Local Government: A Channel for Action on Climate Adaptation


This blog post originally appeared on Climatelinks.

New research in Mali highlights a promising opportunity for action on climate change adaptation: local government development planning.

Tim Finan and Mamadou Baro of the University of Arizona presented results of a study supported by USAID’s Adaptation, Thought Leadership, and Assessments (ATLAS) project on January 12 at USAID’s monthly Adaptation Community Meeting. The study explored ways in which Mali’s 25-year-old decentralized governance system empowers local government to help communities adapt to the changing climate.

The qualitative research focused on a key feature of Mali’s local governance system, a legally mandated five-year plan, known locally as a plan de développement economique, social, et culturel, or PDESC. The findings suggest that the PDESC holds promise as a vehicle for engaging communities and integrating adaptation into local development planning, but that more needs to be done to strengthen the process.

Centered in the southern regions of Mopti, Koulikoro, and Sikasso, where most livelihoods derive from farming and livestock, the study also found that decentralized governance creates particular opportunities to facilitate problem-solving across villages and build external linkages to NGOs, donors, and others.

Such relationships are important as households increasingly compete for water and land for grazing and farming, and trees for charcoal and fuel wood. With higher temperatures and decreasing rainfall likely in these regions in the future, effective management of natural resources is vital to maintaining livelihoods and minimizing conflict.

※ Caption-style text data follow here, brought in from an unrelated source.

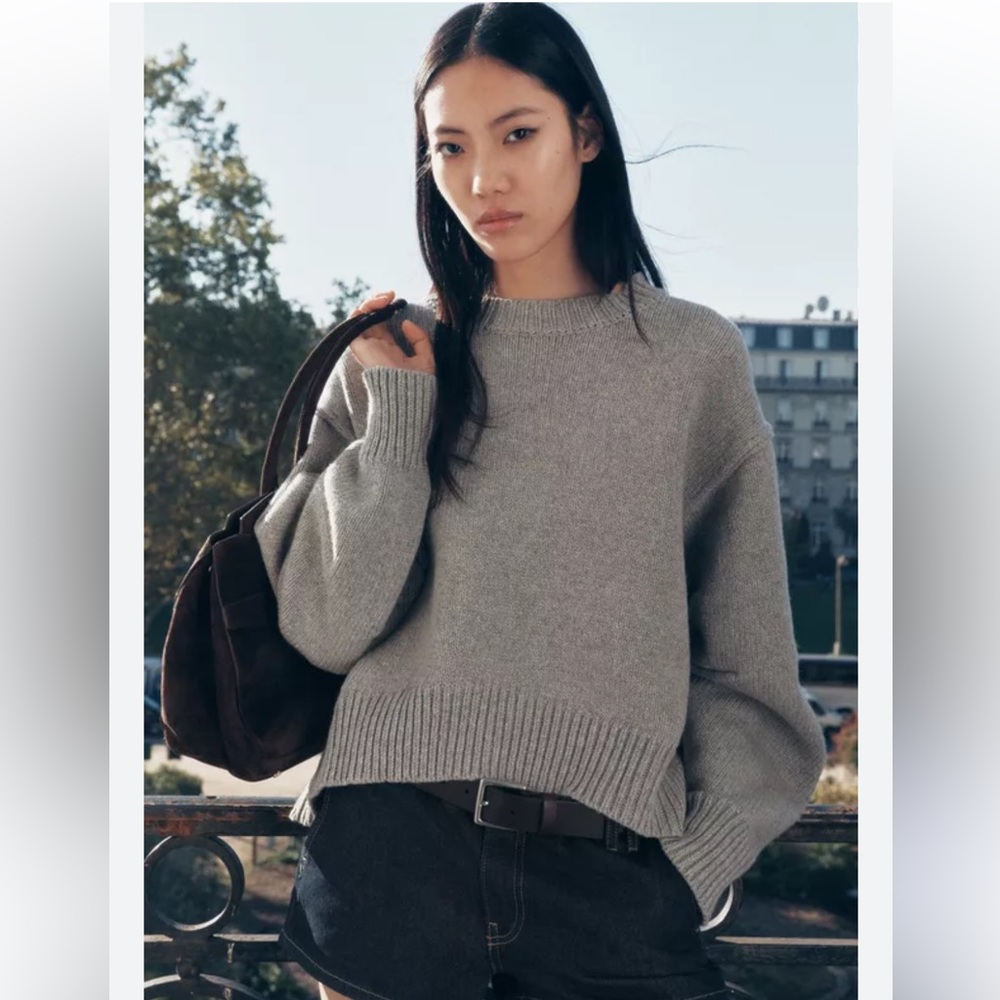Raw hem neckline sweater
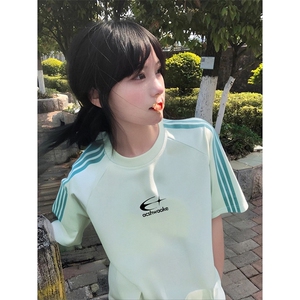 抖音得物品质二开240克宽松纯棉美式潮牌印花三条杠中性风短袖T恤图片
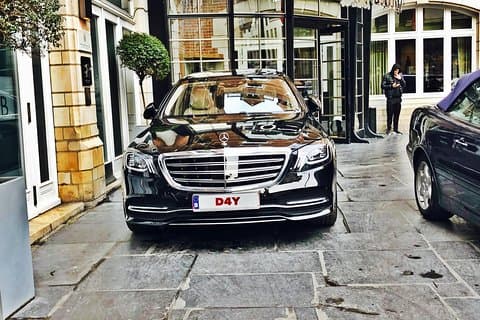 Transfer från Bryssel -> Paris Centre MB S-KLASS 3 PAX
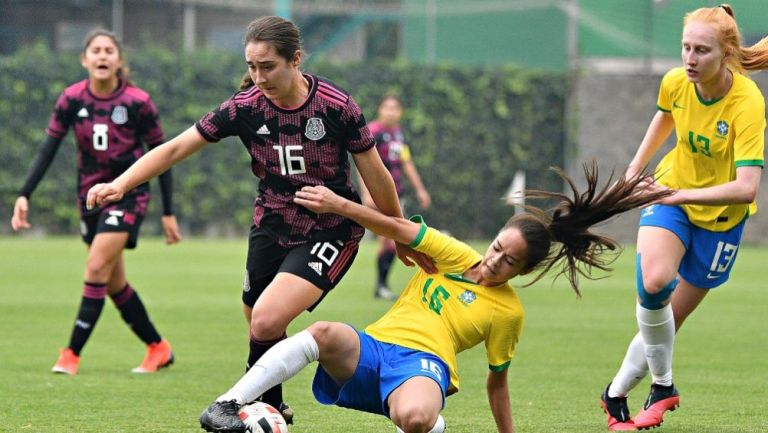 Silvana Flores en acción con la Selección Mexicana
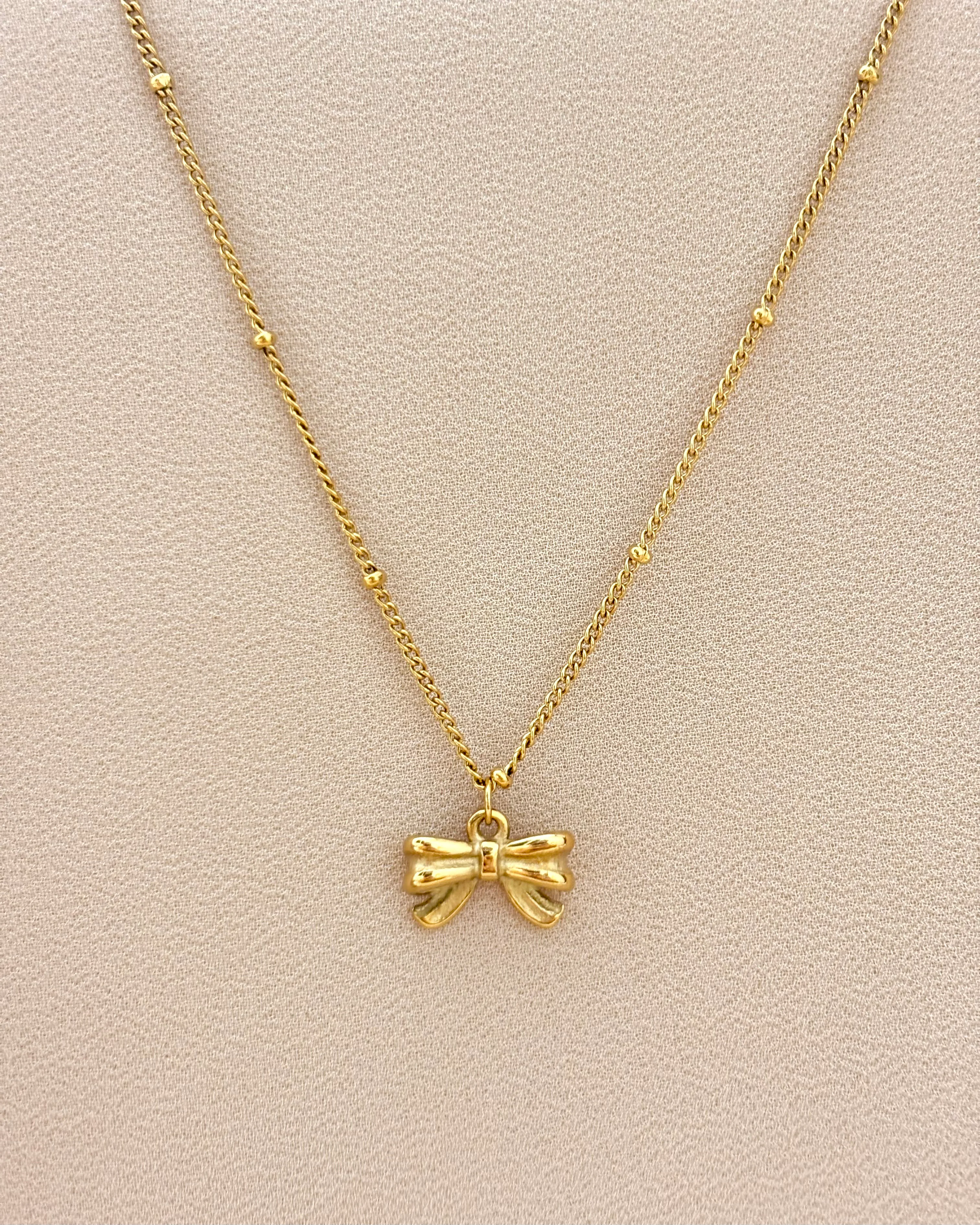 Bow pendant necklace 2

“What we are arguing here is that local governance has an impact and can catalyze significant change on adaptation,” said Mamadou Baro, who presented the research with colleague Tim Finan. “But to be serious about sustainable development in Mali, we have to invest in the quality of the PDESC.”

The study recommended stronger coordination between the government of Mali, donors, NGOs, and local bodies to take actions such as:

  • Revise PDESC procedures to mandate climate adaptation as an organizational theme, as well as improve monitoring and evaluation and financial planning.
  • Coordinate a national strategy to support preparation of climate-sensitive PDESCs.
  • Invigorate the PDESC as a “living document” by promoting it in villages, translating it into local languages, and increasing opportunities for public participation.
  • Invest in training and information-sharing for local stakeholders.

Supported by USAID’s ATLAS project, the study was conducted by the University of Arizona and the Malian NGO, Sahel Eco.

While based on Mali, many findings are relevant in other contexts. For example, community-based structures such as women’s savings groups, which exist in many countries, may provide a platform for collaboration with local government on climate adaptation, particularly on information-sharing across villages.

Questions from the Adaptation Community Meeting audience, which included 90 in-person and online participants, catalyzed a rich discussion on topics including alternative livelihood strategies, land ownership, and social capital.

The next Adaptation Community Meeting, on the assessment methodology the National Oceanic and Atmospheric Administration (NOAA) used to assess climate risks to its facilities, will be held February 16. 

Erin Martin is a communications advisor on the ATLAS Climate Change Adaptation, Thought Leadership, and Assessments (ATLAS) project.